Resources / The Road To College

6 Ways College Is Different from High School

male college student on campus

It's hard to know what college is really like until you get there. And in these uncertain times, college life might be even more difficult to imagine. But no matter when or where your freshman year begins -- at home, on campus, or some combination of the two -- college will be different from high school in these important ways.

1. Time in college is managed by you, not the school.

One of the biggest challenges for new college freshmen is time management. Most students are surprised by the amount of "free" time they have compared to their lives in high school. In college, you may have three classes one day, and none the next. You might be tempted to kick back, but it's up to you to balance studying and coursework with socializing and other pursuits. 

2. College professors expect you to learn and think independently.

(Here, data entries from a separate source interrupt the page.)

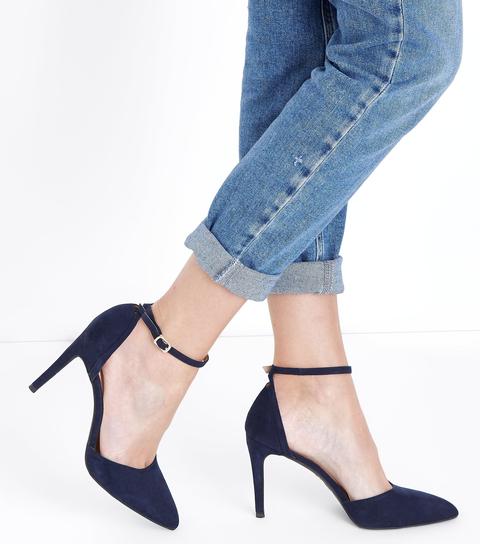 New Look Suedette Ankle Strap Stiletto Heels Navy New Look Suedette Ankle Strap Stiletto Heels Navy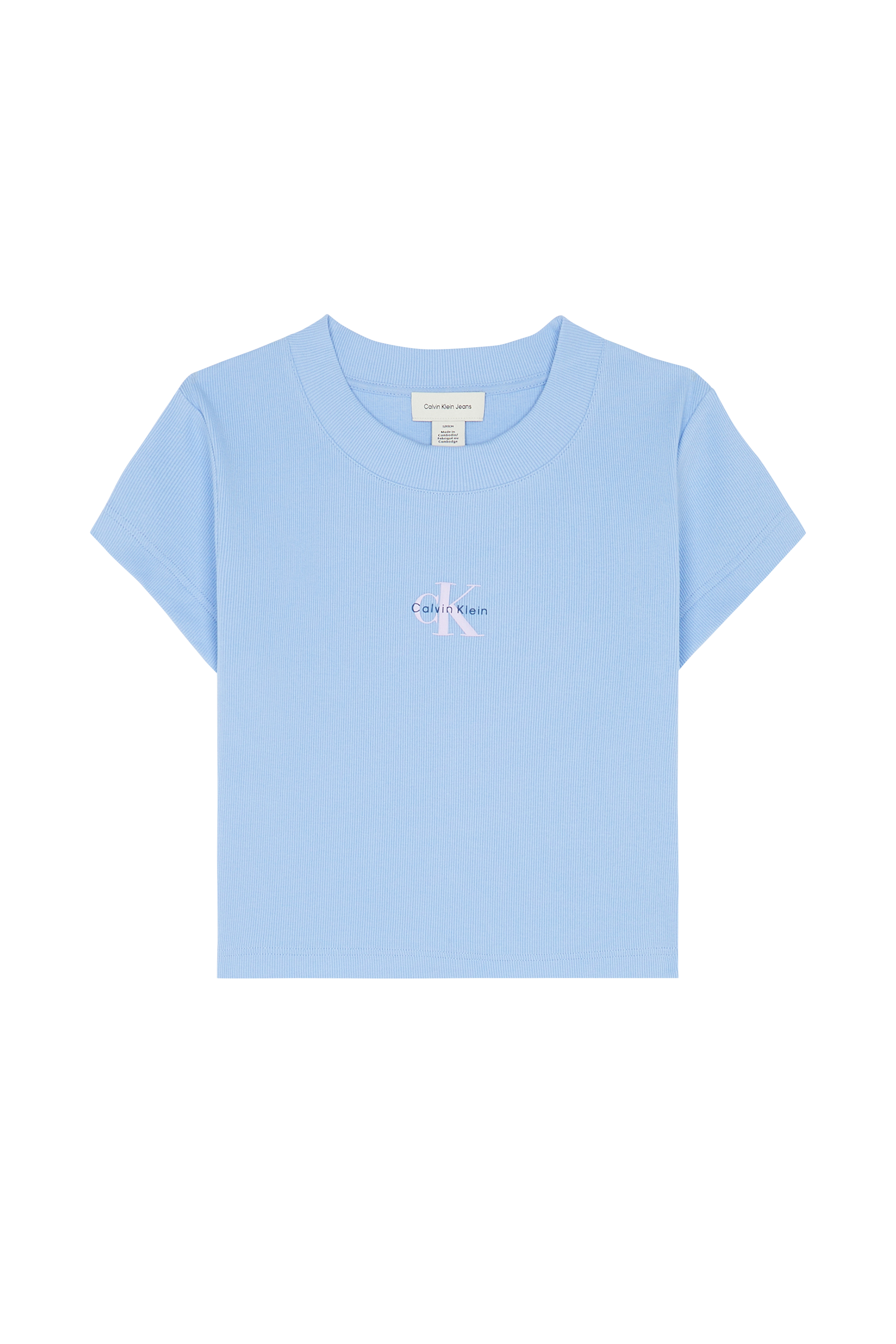 Regular-fit round-neck cotton T-shirt Blue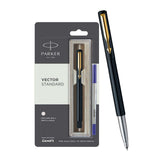 Parker Vector Standard Gold Trim Roller Ball Pen | Ink Color - Blue | Black Body Color | Ergonomic Design | Built for Long Writing Sessions
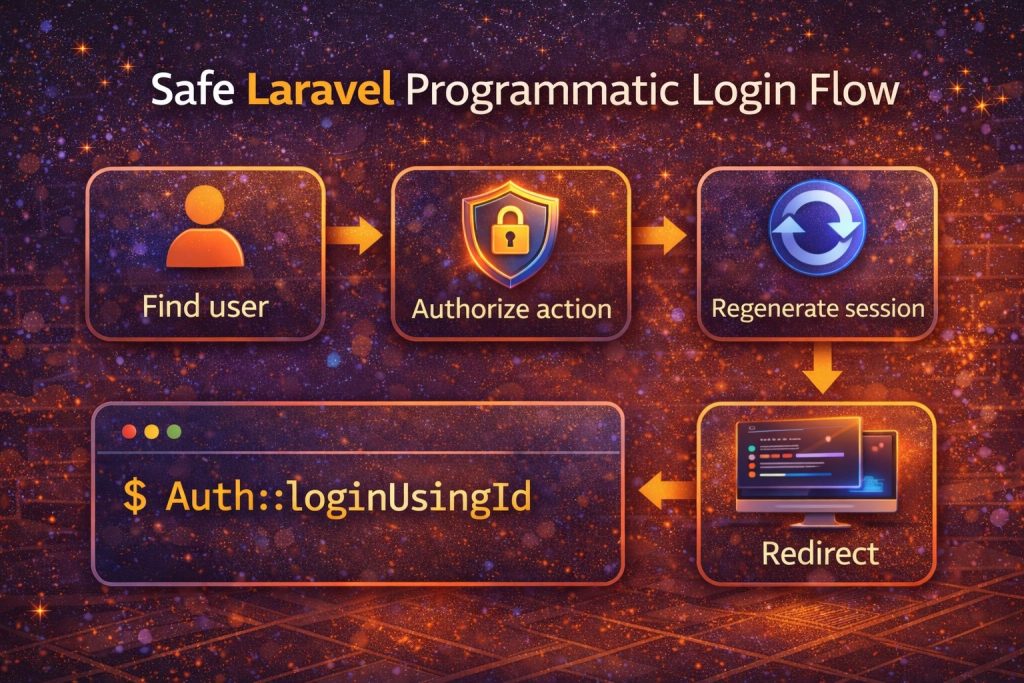Safe Laravel programmatic login flow: authorize, loginUsingId, regenerate session, redirect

As a college freshman, you will be responsible for your learning. You’ll be expected to cover course material on your own with less hand-holding by professors and instructors than you might have experienced in high school. It’s common for some professors to assign material not covered in lectures (and to include that material in exams) and to call on you to explain readings, contribute to discussions, and debate key points.

At the same time, college professors are there to help and they want you to succeed. However, you will need to be proactive and reach out to them. It will be up to you to email instructors and visit their office hours, and to seek out academic services at the college, such as tutoring or study groups. Many of the students featured in CollegeData’s Road to College Student Stories say that attending office hours and taking advantage of their college’s academic resources helped them succeed.

3. Cramming at the last minute doesn't work.

Some high school students are successful with last-minute studying. But exams in college are generally given less frequently, cover more material and are more difficult than high school tests. College exams often require in-depth and thoughtful answers that demonstrate your mastery of the content. As many freshmen learn the hard way, this means you need to consistently keep up with your studies and coursework and not wait until the last minute to study for a test.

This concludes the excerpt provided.